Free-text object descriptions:

------

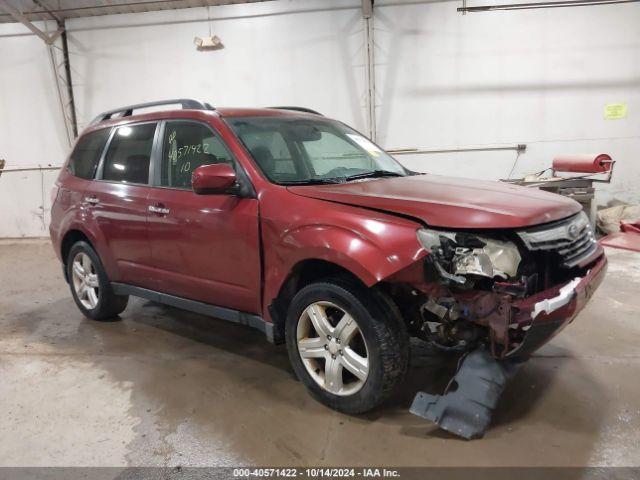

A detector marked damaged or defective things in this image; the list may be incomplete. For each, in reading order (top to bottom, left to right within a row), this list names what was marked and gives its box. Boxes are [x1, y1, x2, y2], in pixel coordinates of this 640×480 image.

crumpled hood [288, 174, 584, 231]
exposed headlight assembly [420, 228, 520, 284]
broken headlight [418, 228, 524, 282]
damaged front end [390, 212, 604, 436]
detached front bumper [504, 251, 604, 360]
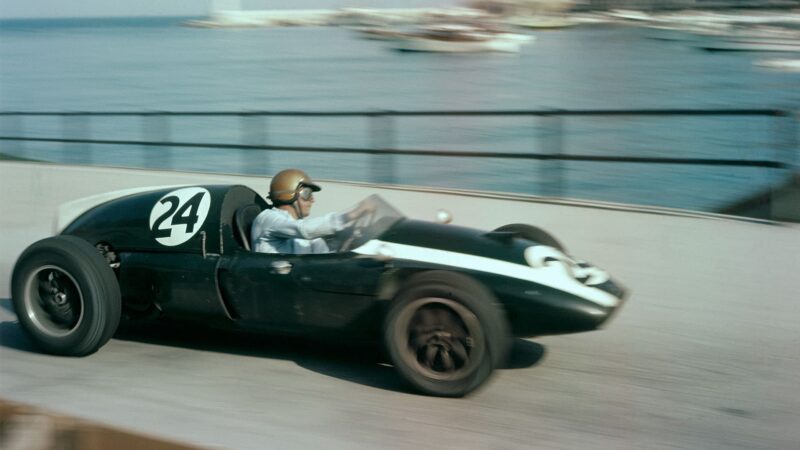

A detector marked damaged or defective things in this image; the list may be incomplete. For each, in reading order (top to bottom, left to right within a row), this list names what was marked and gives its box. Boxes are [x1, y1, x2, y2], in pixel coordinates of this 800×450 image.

exposed front tire [10, 236, 121, 356]
exposed rear tire [11, 236, 120, 356]
exposed front tire [382, 270, 510, 398]
exposed rear tire [382, 270, 510, 398]
exposed rear tire [490, 223, 564, 251]
exposed front tire [490, 223, 564, 251]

------

WORK ITEM
Leave the pictures out and output all of the data verbatim.

ANSWER FOR THE TASK
A detector marked damaged or defective things in this image; the list may be incomplete. For each, in reading order (top to bottom, left to right within a row), this list names what was marked and gives its box. Boxes are [x1, y1, x2, y2], in pixel coordinates of this 640×480 image.

crumpled hood [288, 174, 584, 231]
exposed headlight assembly [420, 228, 520, 284]
broken headlight [418, 228, 524, 282]
damaged front end [390, 212, 604, 436]
detached front bumper [504, 251, 604, 360]

A detector marked damaged or defective things in this image; the list may be incomplete. For each, in reading order (top to bottom, left to right within a row), this list names what was marked and gives its box. Boxes are [x1, y1, x2, y2], in pixel coordinates of this 800×450 image.

exposed front tire [10, 236, 121, 356]
exposed rear tire [11, 236, 120, 356]
exposed front tire [382, 270, 510, 398]
exposed rear tire [382, 270, 510, 398]
exposed rear tire [490, 223, 564, 251]
exposed front tire [490, 223, 564, 251]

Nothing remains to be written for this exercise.